Comparing M1 16GB…

T'hain Esh Kelch · Feb 19, 2023

Warped9 said:
So here is what I see. The only app running, other than Finder and Activity Monitor, is SketchUp.

If this is representative of your workload, then you are VERY far from needing 32GB RAM. And if isn't representative, then I don't get why you posted it.

Warped9 · Feb 19, 2023

T'hain Esh Kelch said:
If this is representative of your workload, then you are VERY far from needing 32GB RAM. And if isn't representative, then I don't get why you posted it.

Someone upthread asked me to check my Activity Monitor. So I did. I also checked it while I was rendering and the didn’t seem to be much dufference.

leman · Feb 19, 2023

theorist9 said:
But is it really the case that AS's memory latency is lower than that of high-end PC systems?

It’s not. In fact, it’s often higher. LPDDR already has higher latency than desktop DDR and the way Apple does memory hierarchy adds even more latency. This is one of the reasons why they use large SLC. The SLC doesn’t really seem to be that faster than RAM but it helps with latency.

And overall, the RAM approach of Apple Silicon is more similar to a traditional GPU than to a CPU. Which makes sense.

Zest28 said:
What baseless speculation? I have seen the GPU of my M1 Max pull 21GB RAM. So you need more RAM with M1 chips as the GPU will eat into the RAM. There is no dedicated VRAM.

That’s your argument? “I saw X once so I conclude a completely arbitrary Y?” If your workflow required 21GB for the GPU, how much do you think a traditional GPU system will need?

Queen6 · Feb 19, 2023

Warped9 said:
Someone upthread asked me to check my Activity Monitor. So I did. I also checked it while I was rendering and the didn’t seem to be much dufference.

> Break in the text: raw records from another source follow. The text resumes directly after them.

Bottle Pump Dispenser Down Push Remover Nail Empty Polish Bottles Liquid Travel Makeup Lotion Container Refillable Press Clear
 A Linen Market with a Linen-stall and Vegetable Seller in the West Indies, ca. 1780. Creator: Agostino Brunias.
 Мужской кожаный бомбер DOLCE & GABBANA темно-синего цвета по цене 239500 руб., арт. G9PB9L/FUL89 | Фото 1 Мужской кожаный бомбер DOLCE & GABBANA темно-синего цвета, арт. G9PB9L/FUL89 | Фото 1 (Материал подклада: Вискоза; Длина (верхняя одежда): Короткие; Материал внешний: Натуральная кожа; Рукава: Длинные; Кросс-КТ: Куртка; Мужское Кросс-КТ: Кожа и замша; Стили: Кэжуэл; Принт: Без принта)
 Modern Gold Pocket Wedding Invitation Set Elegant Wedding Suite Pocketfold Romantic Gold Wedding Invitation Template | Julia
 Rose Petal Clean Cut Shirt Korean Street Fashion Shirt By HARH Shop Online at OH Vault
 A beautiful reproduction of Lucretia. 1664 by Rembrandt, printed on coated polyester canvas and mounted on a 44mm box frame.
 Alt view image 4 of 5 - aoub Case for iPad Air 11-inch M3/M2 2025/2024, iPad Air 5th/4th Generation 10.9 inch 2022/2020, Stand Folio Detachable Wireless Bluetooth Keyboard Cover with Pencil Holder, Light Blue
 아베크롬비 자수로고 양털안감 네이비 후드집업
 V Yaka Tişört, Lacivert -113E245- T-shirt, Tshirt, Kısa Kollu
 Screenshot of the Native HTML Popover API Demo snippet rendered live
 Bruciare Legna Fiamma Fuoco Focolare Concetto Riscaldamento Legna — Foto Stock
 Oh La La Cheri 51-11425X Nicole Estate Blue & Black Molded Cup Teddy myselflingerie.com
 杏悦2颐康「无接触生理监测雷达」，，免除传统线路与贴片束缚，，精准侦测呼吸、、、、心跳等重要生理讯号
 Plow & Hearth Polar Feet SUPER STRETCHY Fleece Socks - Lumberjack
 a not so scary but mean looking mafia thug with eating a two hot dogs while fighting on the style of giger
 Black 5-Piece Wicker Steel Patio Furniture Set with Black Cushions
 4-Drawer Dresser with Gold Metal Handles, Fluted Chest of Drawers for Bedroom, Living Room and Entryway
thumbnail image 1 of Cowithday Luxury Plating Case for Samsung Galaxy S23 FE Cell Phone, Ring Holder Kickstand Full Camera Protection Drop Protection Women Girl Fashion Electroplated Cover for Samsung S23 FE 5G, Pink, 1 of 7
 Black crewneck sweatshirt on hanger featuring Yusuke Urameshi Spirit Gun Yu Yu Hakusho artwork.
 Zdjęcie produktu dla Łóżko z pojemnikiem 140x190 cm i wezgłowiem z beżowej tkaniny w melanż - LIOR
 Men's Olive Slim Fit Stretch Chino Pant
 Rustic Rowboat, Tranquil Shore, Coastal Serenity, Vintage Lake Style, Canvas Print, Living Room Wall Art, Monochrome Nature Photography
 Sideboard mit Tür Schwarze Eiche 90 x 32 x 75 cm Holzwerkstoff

Looking at that, 8GB would be more than enough LOL.

Q-6

Zest28 · Feb 20, 2023

leman said:
It’s not. In fact, it’s often higher. LPDDR already has higher latency than desktop DDR and the way Apple does memory hierarchy adds even more latency. This is one of the reasons why they use large SLC. The SLC doesn’t really seem to be that faster than RAM but it helps with latency.

And overall, the RAM approach of Apple Silicon is more similar to a traditional GPU than to a CPU. Which makes sense.

That’s your argument? “I saw X once so I conclude a completely arbitrary Y?” If your workflow required 21GB for the GPU, how much do you think a traditional GPU system will need?

What you don't understand with traditional GPU's having dedicated VRAM on the GPU itself so that it doesn't eat into the RAM? Some GPU's come with 24GB VRAM shipped on the GPU cards itself even.

M1 chips don't have VRAM on the GPU to use, so it will eat into your RAM, thus you need more RAM with M1 chips.

Your RAM will disappear when using 21GB VRAM on the M1 Max while if you had a dedicated GPU, you'd still have plenty of RAM available.

leman · Feb 20, 2023

Zest28 said:
What you don't understand with traditional GPU's having dedicated VRAM on the GPU itself so that it doesn't eat into the RAM? Some GPU's come with 24GB VRAM shipped on the GPU cards itself even.

M1 chips don't have VRAM on the GPU to use, so it will eat into your RAM, thus you need more RAM with M1 chips.

Your RAM will disappear when using 21GB VRAM on the M1 Max while if you had a dedicated GPU, you'd still have plenty of RAM available.

You appear to have a very simplistic view of the GPU hardware and driver stack. What you write might sound logical to you, but unfortunately, that's not how software and drivers usually work.

quarkysg · Feb 20, 2023

leman said:
The SLC doesn’t really seem to be that faster than RAM but it helps with latency.

Caches are implemented using static RAM while normal memory are dynamic RAM. SRAM is a lot faster to access compared to DRAM, as IIRC there's no refresh required for SRAM.

leman · Feb 20, 2023

quarkysg said:
Caches are implemented using static RAM while normal memory are dynamic RAM. SRAM is a lot faster to access compared to DRAM, as IIRC there's no refresh required for SRAM.

Sorry, I should have been more clear. When I wrote "doesn't seem to be faster" I was talking about bandwidth.

quarkysg · Feb 20, 2023

leman said:
Sorry, I should have been more clear. When I wrote "doesn't seem to be faster" I was talking about bandwidth.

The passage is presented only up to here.